Silencing of Nicotiana benthamiana Neuroblastoma-Amplified Gene causes ER stress and cell death
- Equal contributors
1 Department of Systems Biology, Yonsei University, Seoul 120-749, Korea
2 Division of Molecular and Life Sciences, Pohang University of Science and Technology, Pohang 790-784, Korea
3 School of Life Sciences and Biotechnology, Korea University, Seoul 136-701, Korea
BMC Plant Biology 2013, 13:69 doi:10.1186/1471-2229-13-69Published: 27 April 2013
Neuroblastoma Amplified Gene (NAG) was identified as a gene co-amplified with the N-myc gene, whose genomic amplification correlates with poor prognosis of neuroblastoma. Later it was found that NAG is localized in endoplasmic reticulum (ER) and is a component of the syntaxin 18 complex that is involved in Golgi-to-ER retrograde transport in human cells. Homologous sequences of NAG are found in plant databases, but its function in plant cells remains unknown.

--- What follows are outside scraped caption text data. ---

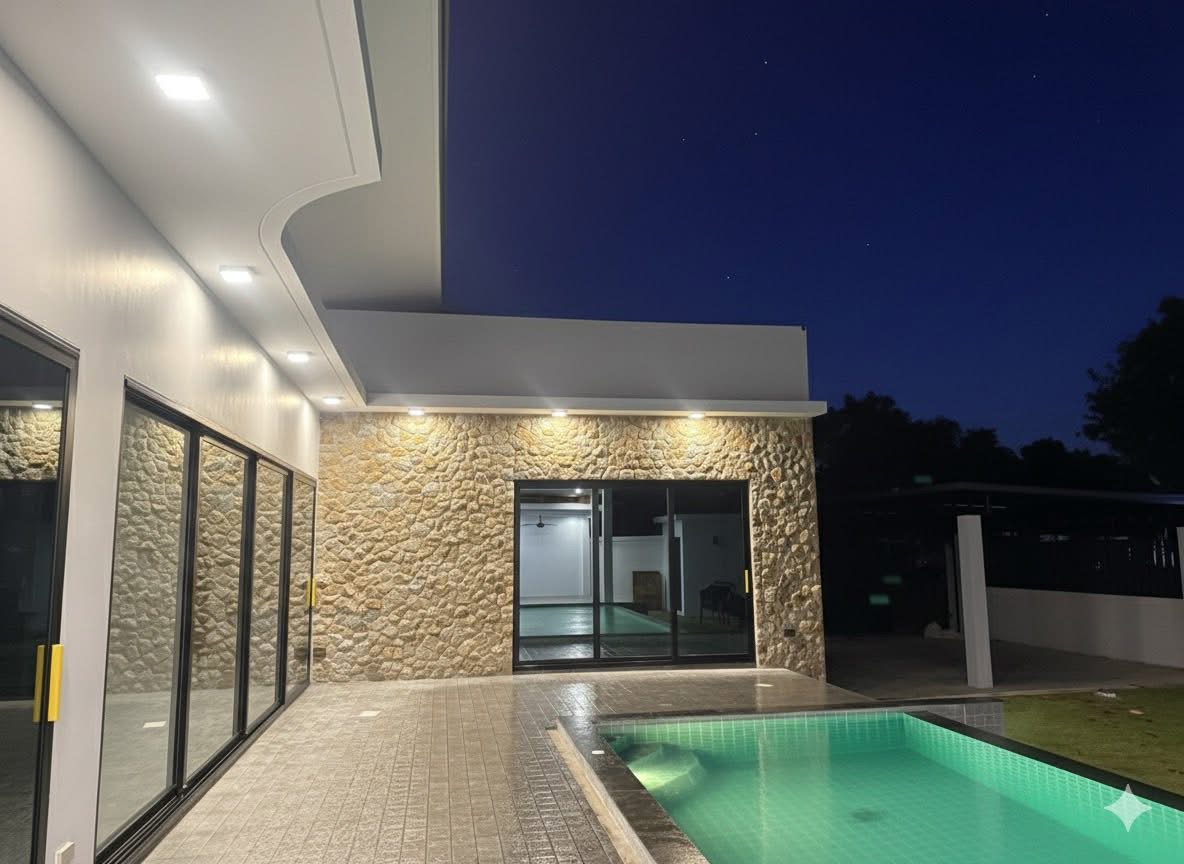 Property view 5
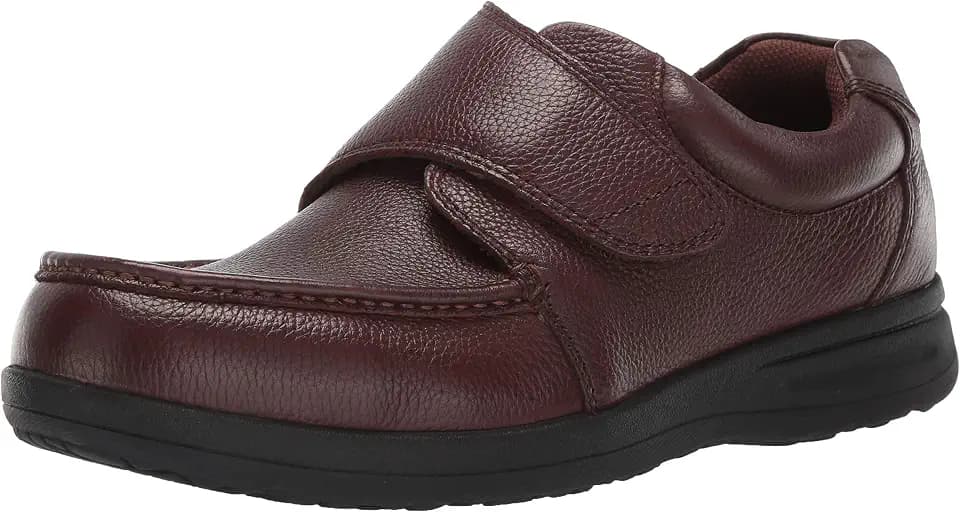 Nunn Bush Cam Velcro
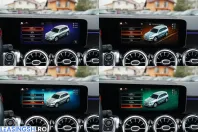 Mercedes-Benz GLB 200 (Clasa GLB) din 2021 cu 173.250 km - oferta MER247650 - foto 26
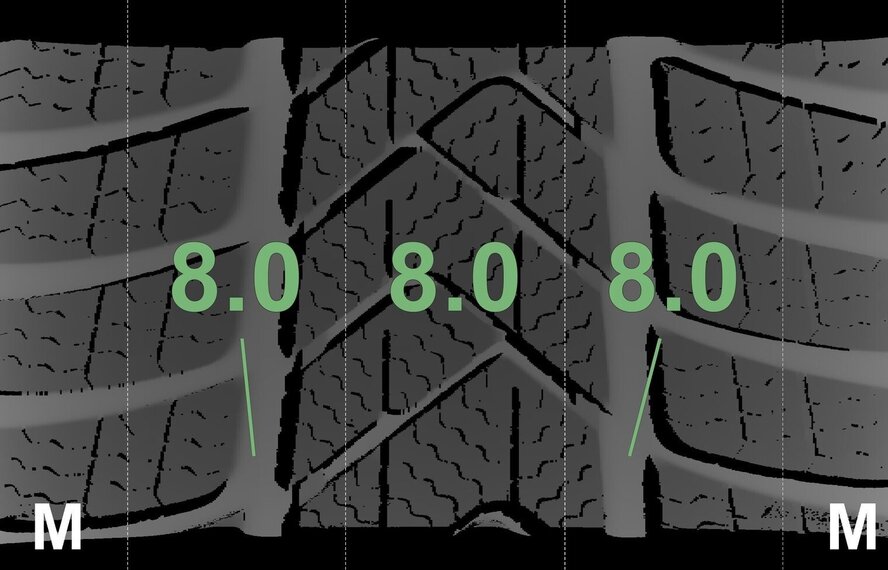 BMW BMW X1 F48 X2 F39 566 18 inch velgen Pirelli Runflat Winterbanden Nieuw Origineel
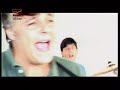 Los Limones y Antonio Vega - Acelerado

Nicotiana benthamania Neuroblastoma-Amplified Gene (NbNAG) encodes a protein of 2,409 amino acids that contains the secretory pathway Sec39 domain and is mainly localized in the ER. Silencing of NbNAG by virus-induced gene silencing resulted in growth arrest and acute plant death with morphological markers of programmed cell death (PCD), which include chromatin fragmentation and modification of mitochondrial membrane potential. NbNAG deficiency caused induction of ER stress genes, disruption of the ER network, and relocation of bZIP28 transcription factor from the ER membrane to the nucleus, similar to the phenotypes of tunicamycin-induced ER stress in a plant cell. NbNAG silencing caused defects in intracellular transport of diverse cargo proteins, suggesting that a blocked secretion pathway by NbNAG deficiency causes ER stress and programmed cell death.
These results suggest that NAG, a conserved protein from yeast to mammals, plays an essential role in plant growth and development by modulating protein transport pathway, ER stress response and PCD.